> DATA SECTION:
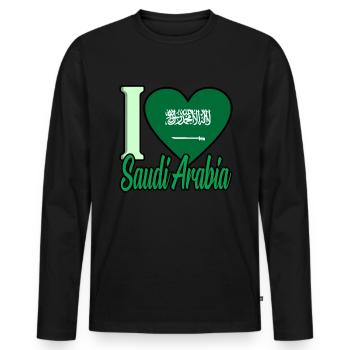 Saudi Arabia - Men's Premium Organic Long Sleeve Shirt - black - Front - Nico (187cm)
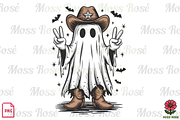 Cowboy Ghost Peace Sign PNG, a Graphic by Moss Rose (Thumbnail 1 of 3)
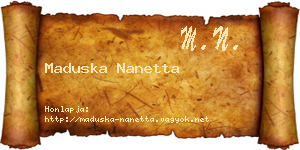 Maduska Nanetta névjegykártya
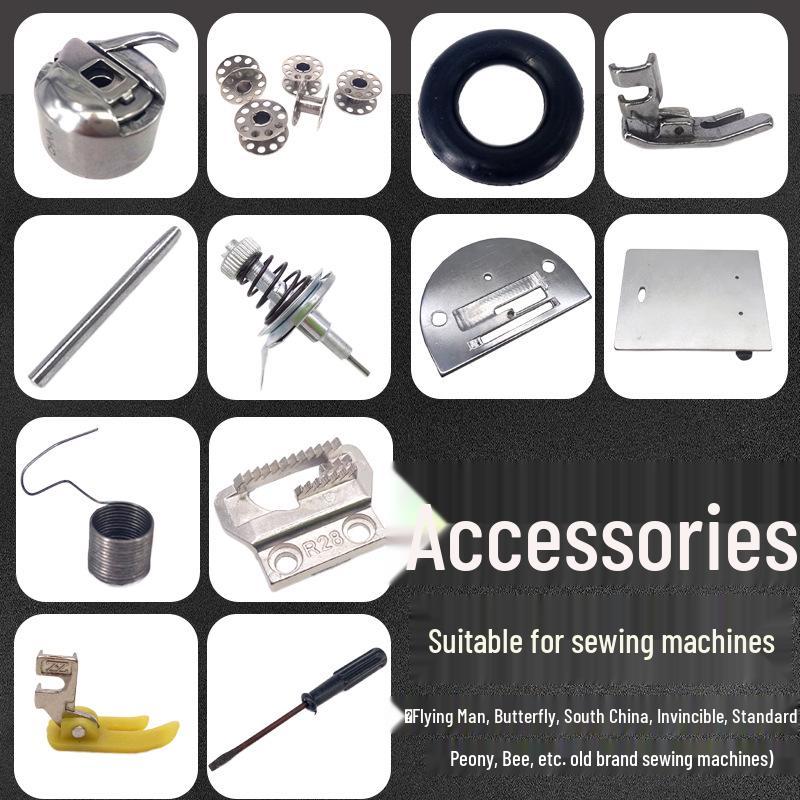 Vintage Sewing Machine Parts Set: Bobbin Case, Bobbin, Needle Plate, Feed Dogs, Presser Foot, Thread Spring, Bobbin Winder, Thread Guide Pin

> TASK BRIEF: Your job is to restate, word for word, only the lines from the one holding "Cowboy Ghost Peace" through the end of the material; pictures stay out.

> WRITTEN ANSWER:
 Cowboy Ghost Peace Sign PNG, a Graphic by Moss Rose (Thumbnail 1 of 3)
 Maduska Nanetta névjegykártya
 Vintage Sewing Machine Parts Set: Bobbin Case, Bobbin, Needle Plate, Feed Dogs, Presser Foot, Thread Spring, Bobbin Winder, Thread Guide Pin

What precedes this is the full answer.